* _DATA_:
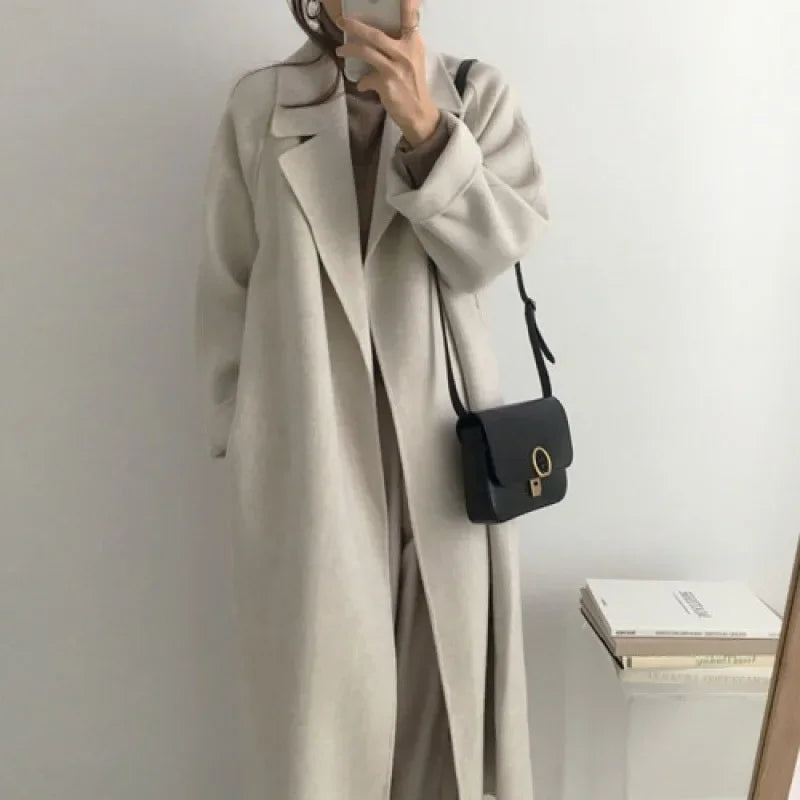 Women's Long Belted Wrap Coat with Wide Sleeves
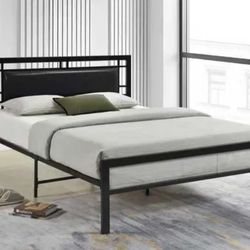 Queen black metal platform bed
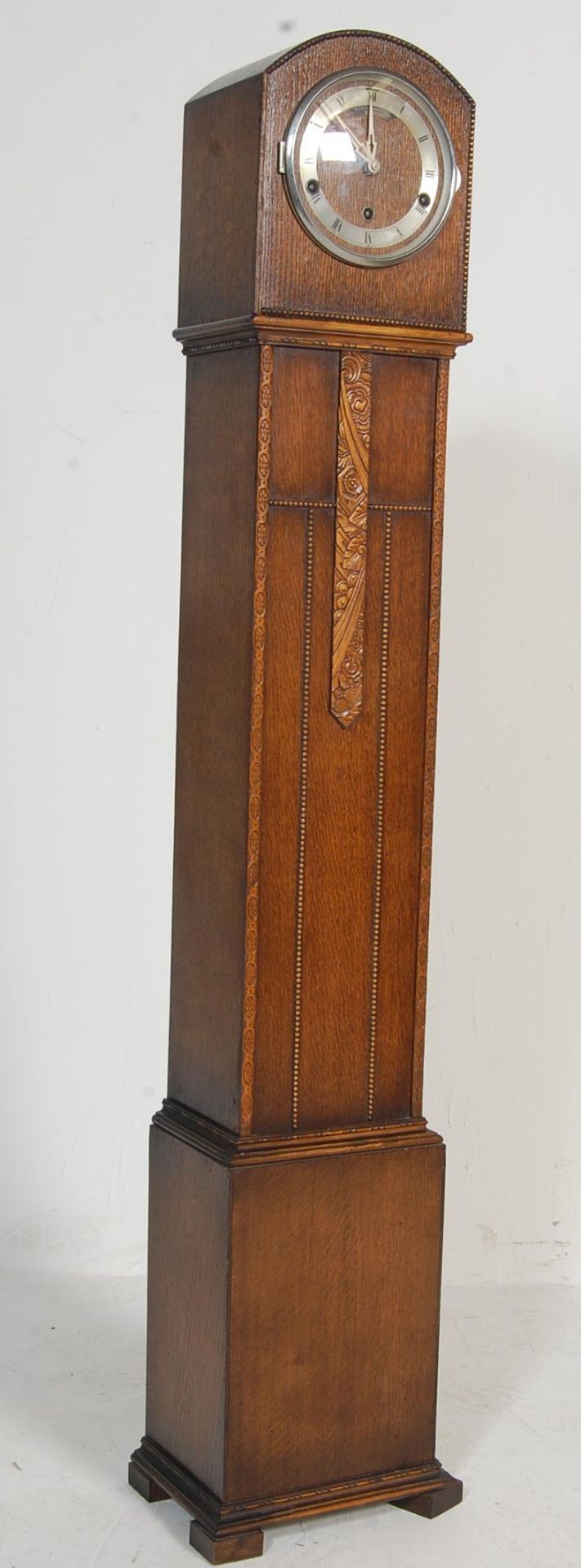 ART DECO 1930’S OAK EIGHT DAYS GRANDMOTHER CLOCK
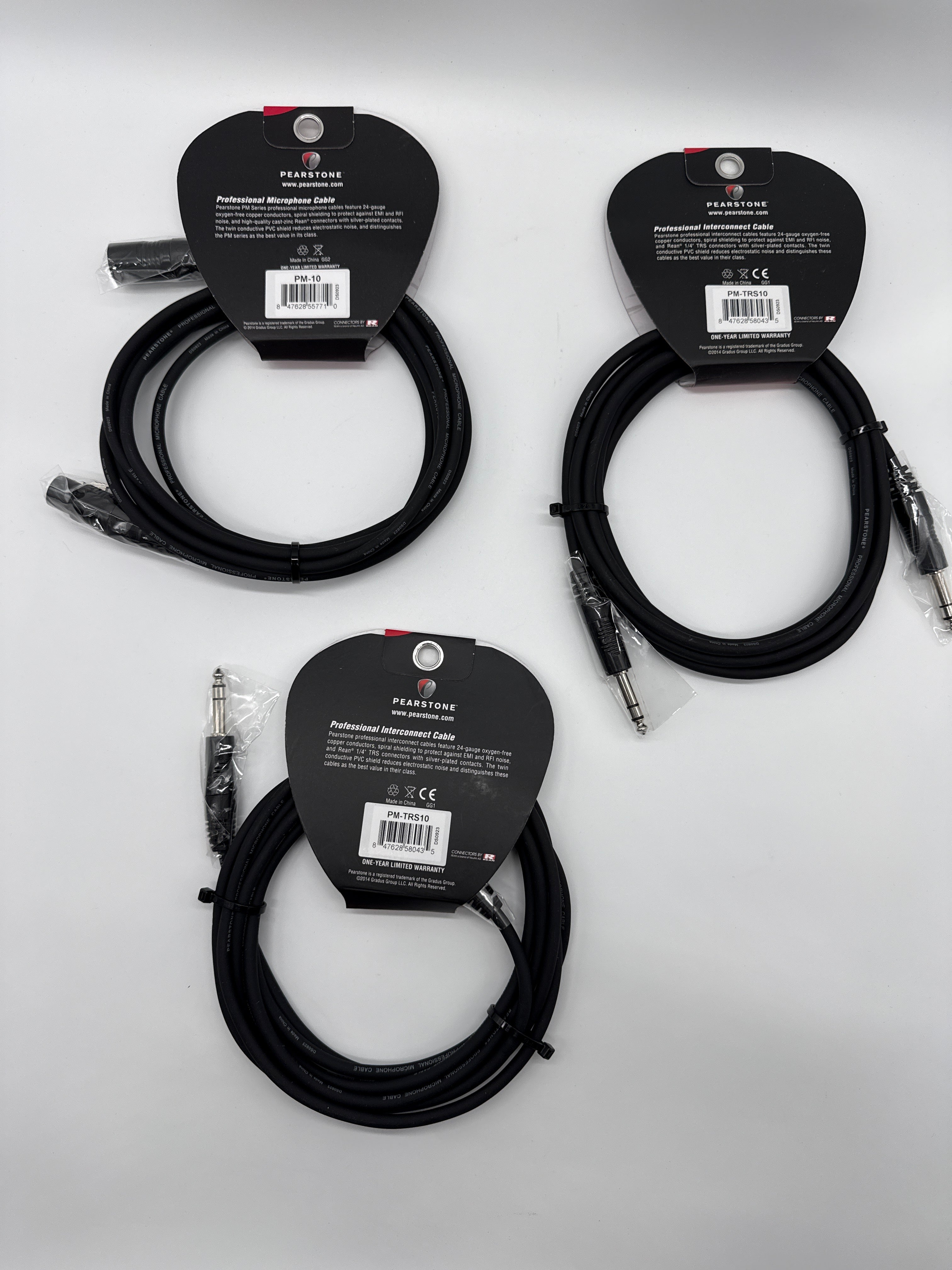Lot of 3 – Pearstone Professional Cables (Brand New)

* _AIM OF THE TASK_: Could every line above be set down exactly, with the pictures omitted?

* _YOUR SOLUTION_:
 Women's Long Belted Wrap Coat with Wide Sleeves
 Queen black metal platform bed
 ART DECO 1930’S OAK EIGHT DAYS GRANDMOTHER CLOCK
Lot of 3 – Pearstone Professional Cables (Brand New)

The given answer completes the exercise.